***** RECORDS

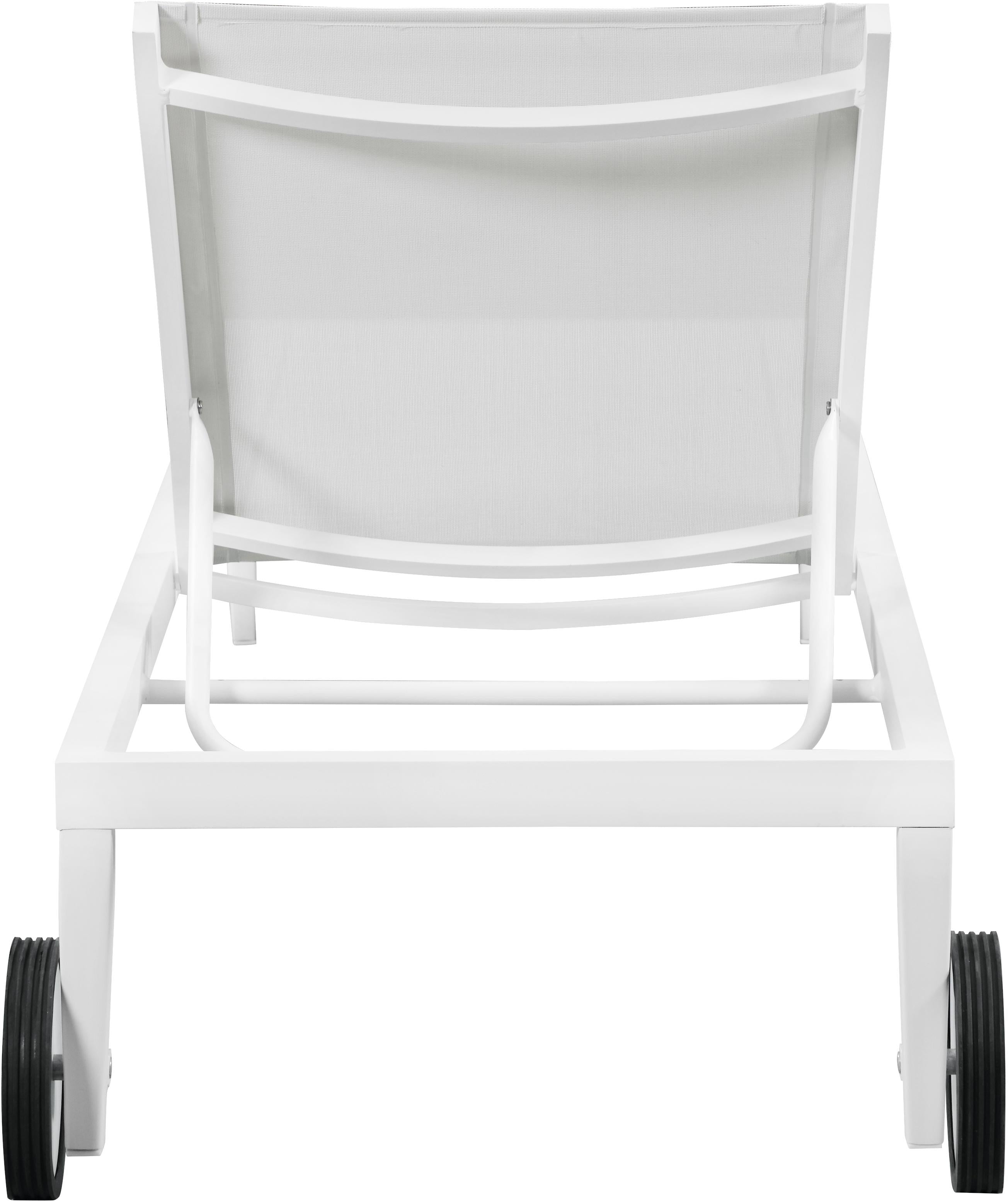 Nizuc White Mesh Waterproof Fabric Outdoor Patio Aluminum Mesh Chaise Lounge Chair - Luxury Home Furniture (MI)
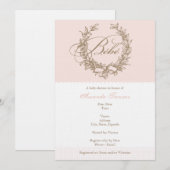 Aangepaste bbe - Roze Franse uitnodiging tot Baby  (Voorkant / Achterkant)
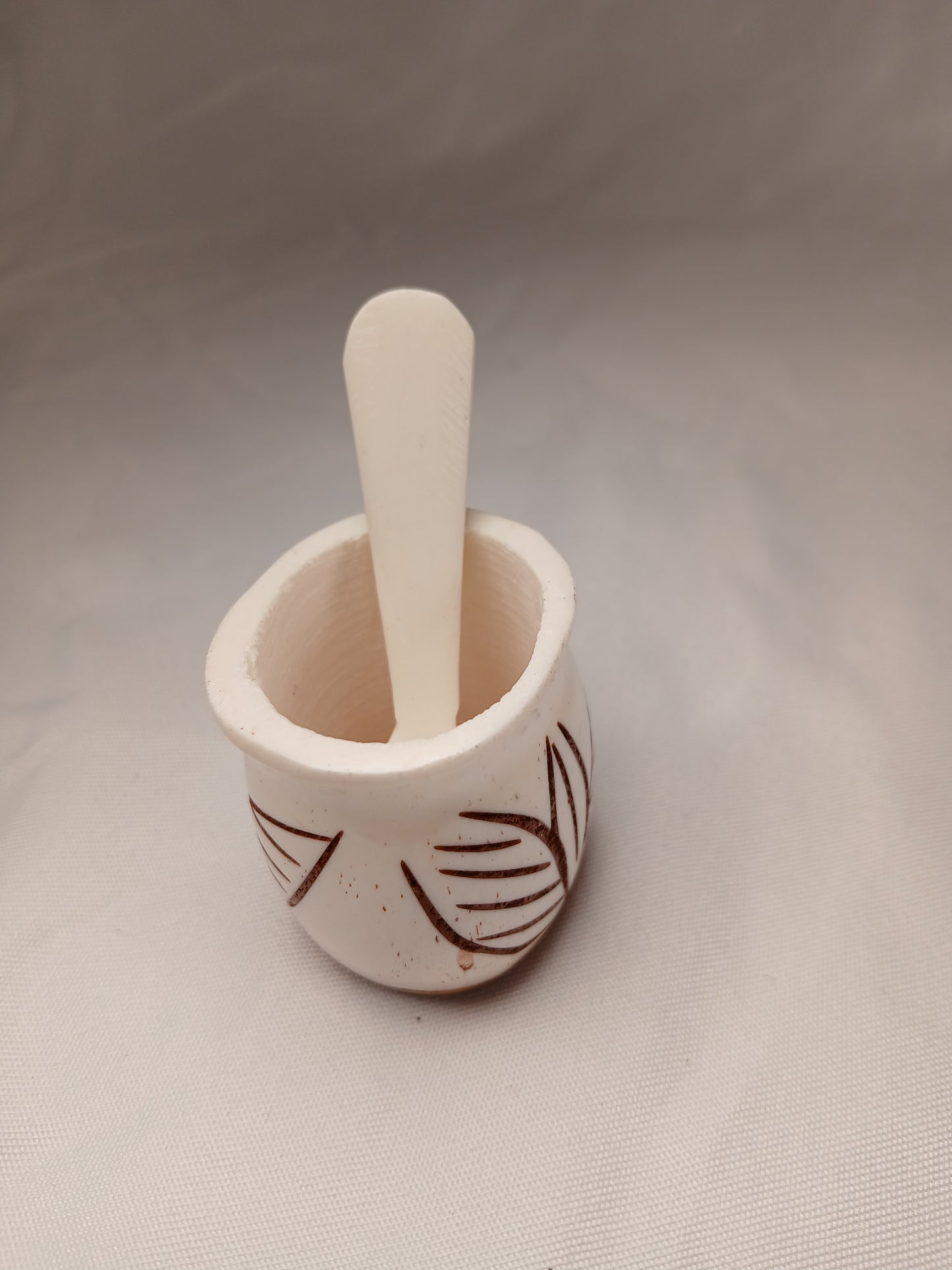 Hand-Carved African Wooden Spice Pot with Spoon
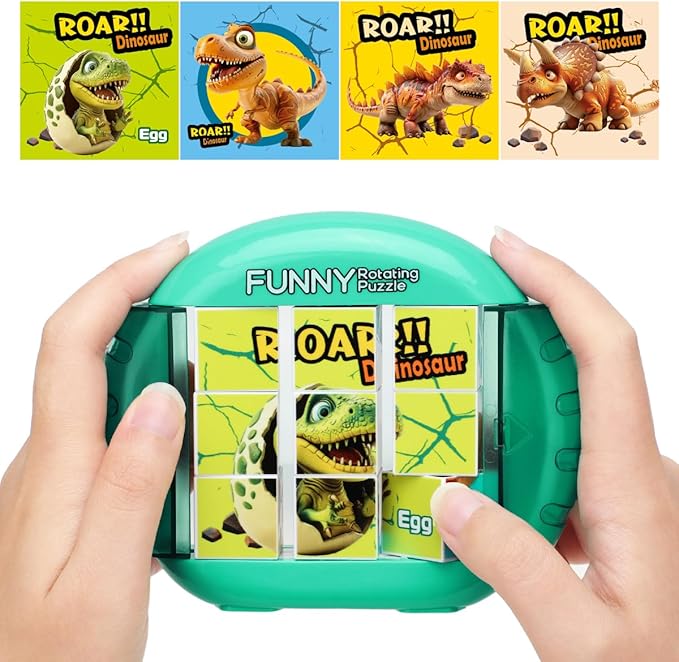 Rotating 3D Puzzle for Kids 3 4 5 6 7 Year Old, 4 Puzzles in 1, Handheld Game Fidget Toys for Travel, Cars & Plane, Fine Motor Skills Developing (Roar Dino Squad)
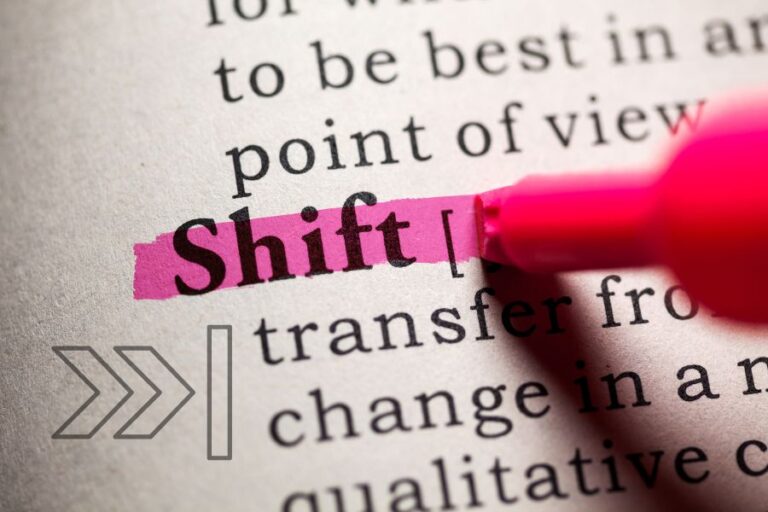 The word “Shift” highlighted in pink on a dictionary page, symbolizing transition and new seasons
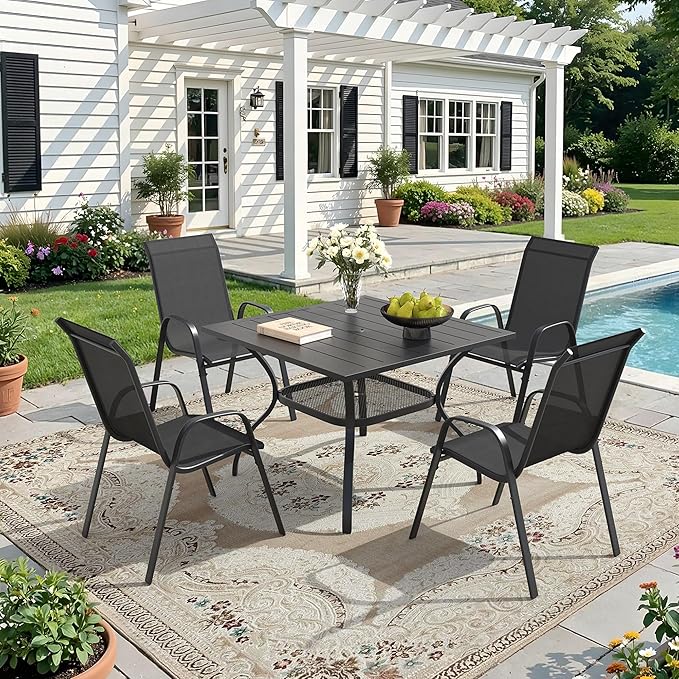 DIFY 5 Piece Outdoor Dining Set, 38" Black Square Metal Patio Table and Dark Grey Textilene Stackable Chairs for 4, All Weather Patio Furniture Set with Umbrella Hole for Backyard Garden Deck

**********

* [YOUR GOAL]
From the line containing "Rotating 3D Puzzle" to the last line of the entries, copy every line exactly, including both ends, and leave out the pictures.

* [YOUR RESPONSE]
 Rotating 3D Puzzle for Kids 3 4 5 6 7 Year Old, 4 Puzzles in 1, Handheld Game Fidget Toys for Travel, Cars & Plane, Fine Motor Skills Developing (Roar Dino Squad)
 The word “Shift” highlighted in pink on a dictionary page, symbolizing transition and new seasons
 DIFY 5 Piece Outdoor Dining Set, 38" Black Square Metal Patio Table and Dark Grey Textilene Stackable Chairs for 4, All Weather Patio Furniture Set with Umbrella Hole for Backyard Garden Deck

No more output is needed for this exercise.